Afin de se prémunir de nouvelles épizooties, plusieurs solutions sont mises sur la table, comme la recherche pour l’identification et le traitement des maladies, mais aussi la collaboration internationale, notamment avec les pays dans lesquels ces virus circulent d’ores et déjà. En attendant, les éleveurs sont appelés à vacciner leurs troupeaux pour freiner au maximum la progression des pathologies vectorielles. Au total, le gouvernement français a ainsi commandé plus de 11 millions de vaccins contre le sérotype 3 de la fièvre catarrhale.

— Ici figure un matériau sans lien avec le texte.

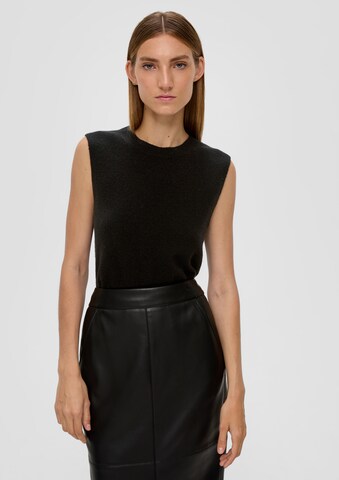 s.Oliver BLACK LABEL Pullover in Schwarz: Vorderseite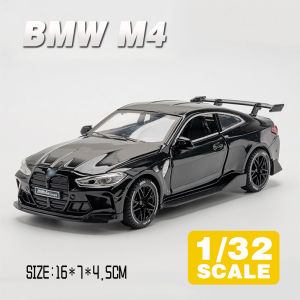 LEO 1:32 BMW M4 Metal Diecast Alloy Toy Car Model Trucks For Kids Toys Vehicles Hobbies Collectio
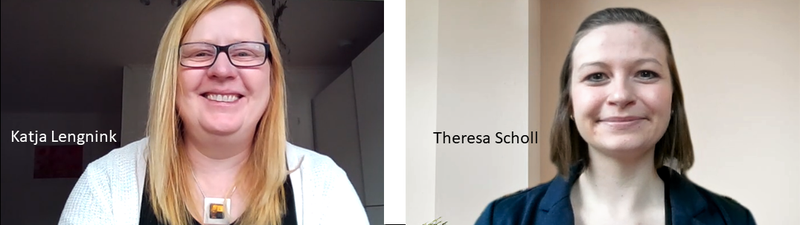 Gruppenbild der Projektleitung. Zu sehen sind Professorin Katja Lengnink und Theresa Scholl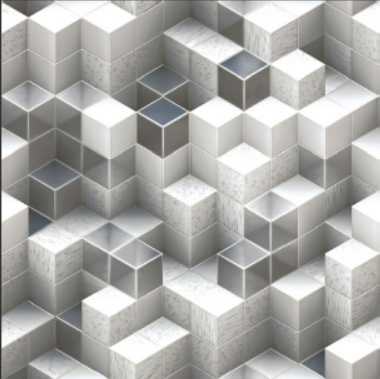 Aristo Grey 3D Glossy PGVT Vitrified Floor Tiles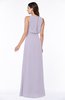 Modern A-line Jewel Chiffon Draped Plus Size Bridesmaid Dresses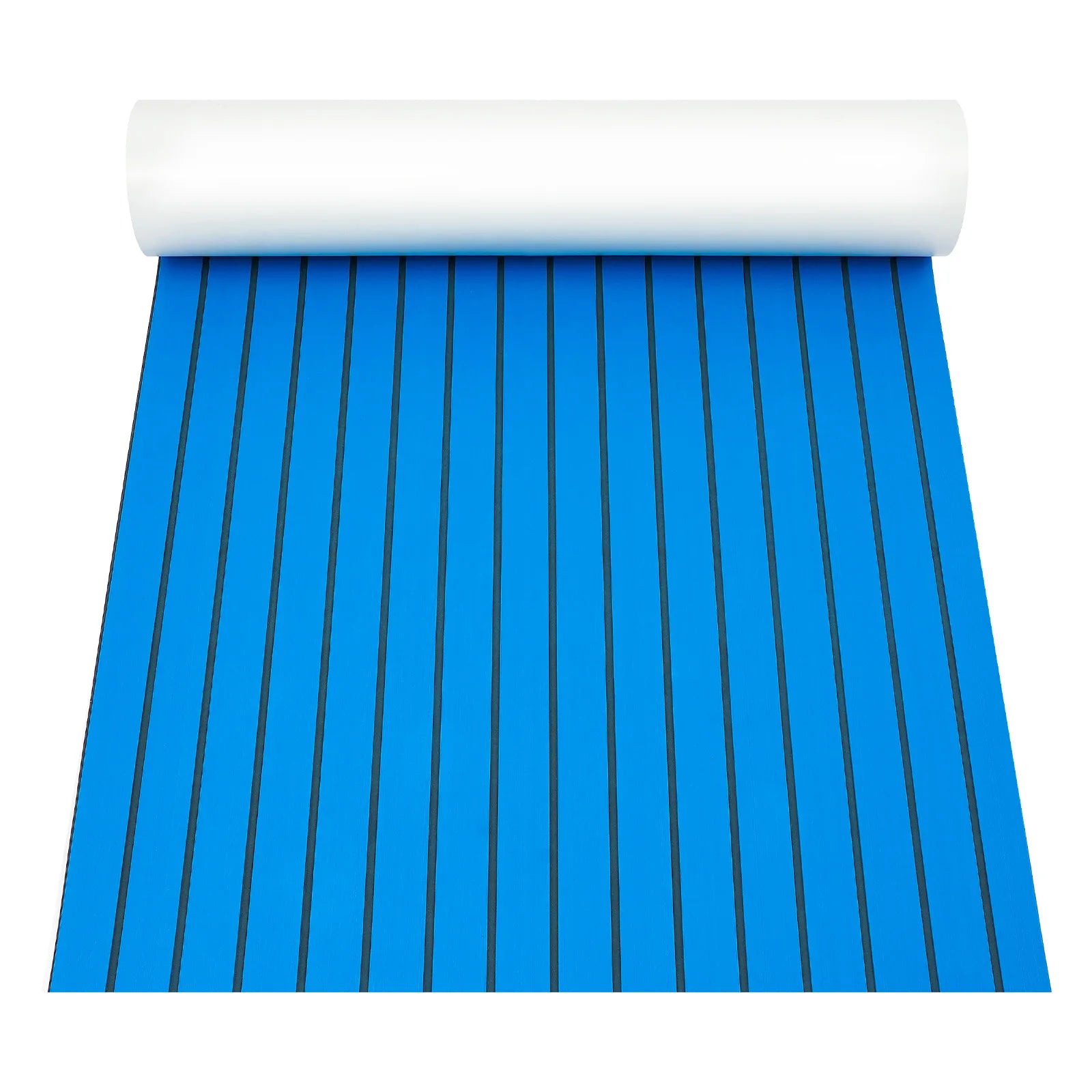 240x90cm Self-Adhesive EVA Foam Teak Boat Floor Mat, 6mm Thick Cuttable Waterproof Anti-Slip Pad Marine Carpet for Deck RV Yacht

“La réponse aux crises par le vaccin ne suffit pas. (…) Il faut une approche globale des conséquences du changement climatique sur les vecteurs par une politique de long terme”, rétorque la Confédération paysanne. Pour le syndicat agricole, “avec l’explosion des maladies virales, l’élevage français est en danger.” Un véritable défi sur lequel Annie Genevard, la nouvelle ministre de l’Agriculture est attendue au tournant à l’occasion du Sommet de l’élevage qui a débuté mardi 1er octobre, dans le Puy-de-Dôme. “Nous attendons des premières annonces [lors de cet événement], presse Arnaud Rousseau, président de la FNSEA, interrogé par l’AFP. Il y a urgence”.